Joe: I want to find a publisher that will be interested in the kind of books I write. I want to get more education on writing and expend on the topics I write about.
Marilyn: What do you do for fun?
I still like to watch old movies, football and baseball. I am a scrabble nut. I play at least one game a night against the computer. I love to travel, but I’m more interested in seeing parts of the United States that I haven’t seen than Europe or Asia.
Joe: What brought you to join PSWA?
Joe: Quintin Peterson told me about PSWA. Quintin is a fellow police officer from DC and when I checked PSWA out, I was so excited. I thoroughly enjoyed being at the Las Vegas conference last year, even though I got very sick and missed one whole day of the conference. I fully intend to attend this year’s conference and maybe I’ll have my second book available by then.

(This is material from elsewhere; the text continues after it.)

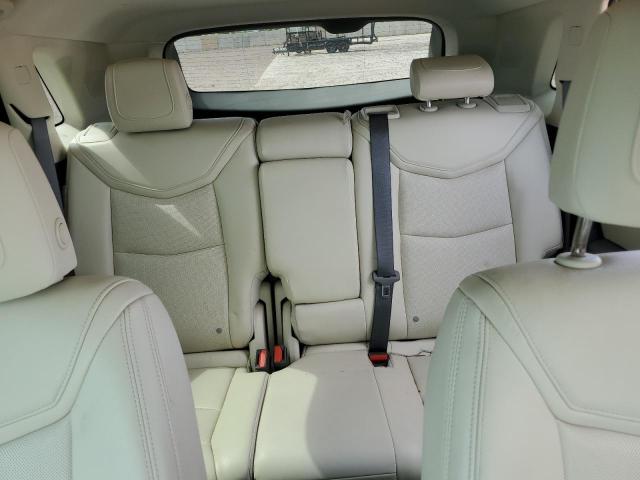 2017 CADILLAC XT5 LUXURY - 1GYKNBRS1HZ226978
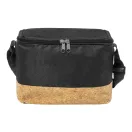 Geanta termoizolanta, 2509E17672, Everestus, 220x170x145 mm, Poliester, Pluta, Negru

Marilyn I want to thank you so much for having me as a guest on your blog. Hopefully I can get a picture to you, but I have been having trouble with my computer lately and had to do a recovery on it. As a result I lost, photographs and some programs to download pictures. I am on Facebook and my picture is there, if anyone is really interested, but I would suggest they come to this years conference and see all of us in person.
Marilyn: I found this photo of Joe on my computer from last year's conference. And I echo what he has said, the PSWA conference is great. Check it out at http://www.policewriter.com
Thank you Joe, for this great interview and what a great job you've done.